小型パトロール艇の引き渡し式でパネルを受け取るパラオのレメンゲサウ大統領(中央)=1日、ニワル州イメカン港(日本財団提供)

 【マルキョク(パラオ)=佐野慎輔】天皇、皇后両陛下のご訪問が決まったパラオに日本から小型パトロール艇が寄贈された。パラオ独立記念日の1日、ニワル州イメカン港で支援プロジェクトを推進する日本財団からパラオ政府への引き渡し式が行われた。

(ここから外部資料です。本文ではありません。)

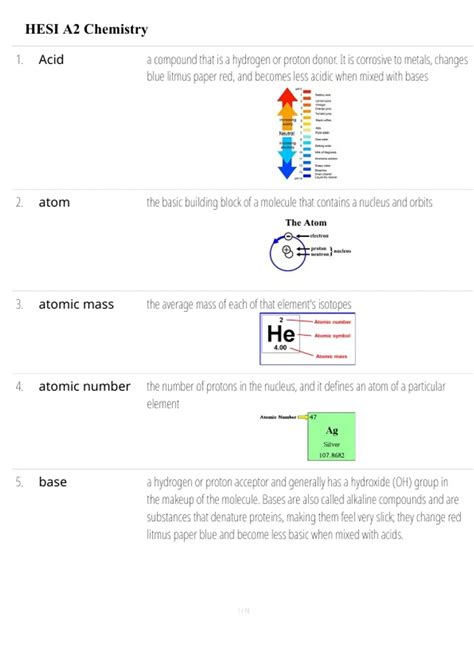 As And A2 Chemistry Study Letts A Level Success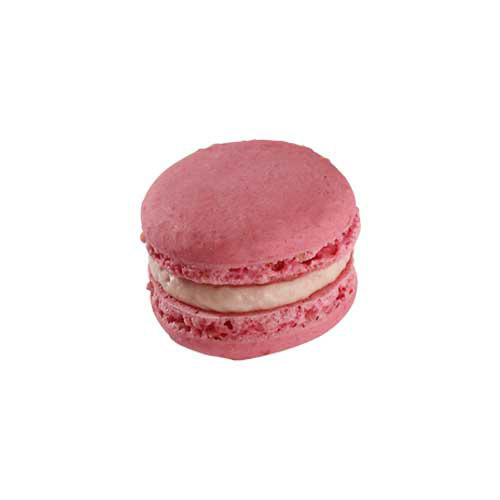 Premium-Macarons "lamponi di bosco"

 パラオとミクロネシア連邦、マーシャル諸島の3カ国は計約600万平方キロメートルと世界第3位の排他的経済水域を有するが、国力が乏しく監視体制が確立されていない。日本財団は各国に小型パトロール艇と運用の燃料費を供与してきた。

 今回寄贈された船は全長15メートル、重さ12トン、650馬力で、最先端のナビと衛星通信装置を備え、「ブル」(現地語で保護の意味)と名付けられた。

 引き渡し式で日本財団の海野光行常務理事は「外国船による不法操業や乱獲の増加、船舶からのゴミの不法投棄などによる海の汚染に小型艇が活躍する場面は一層増える」とあいさつ。レメンゲサウ大統領は「不法操業は目の前の海で起きている」と、中国漁船の不法操業をめぐる捜査での死亡事故を例に、「パラオの財産である漁業資源、海洋資源の確保のためブルを活用していく」と応えた。